COLLECTED DATA:

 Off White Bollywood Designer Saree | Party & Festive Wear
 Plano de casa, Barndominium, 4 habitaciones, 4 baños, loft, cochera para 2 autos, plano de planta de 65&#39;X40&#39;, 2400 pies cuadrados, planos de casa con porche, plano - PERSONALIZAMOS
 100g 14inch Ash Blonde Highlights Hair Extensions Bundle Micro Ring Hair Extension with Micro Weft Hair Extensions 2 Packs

WORK ORDER: Retype the material word for word, including every line.

YOUR RESPONSE:
 Off White Bollywood Designer Saree | Party & Festive Wear
 Plano de casa, Barndominium, 4 habitaciones, 4 baños, loft, cochera para 2 autos, plano de planta de 65&#39;X40&#39;, 2400 pies cuadrados, planos de casa con porche, plano - PERSONALIZAMOS
 100g 14inch Ash Blonde Highlights Hair Extensions Bundle Micro Ring Hair Extension with Micro Weft Hair Extensions 2 Packs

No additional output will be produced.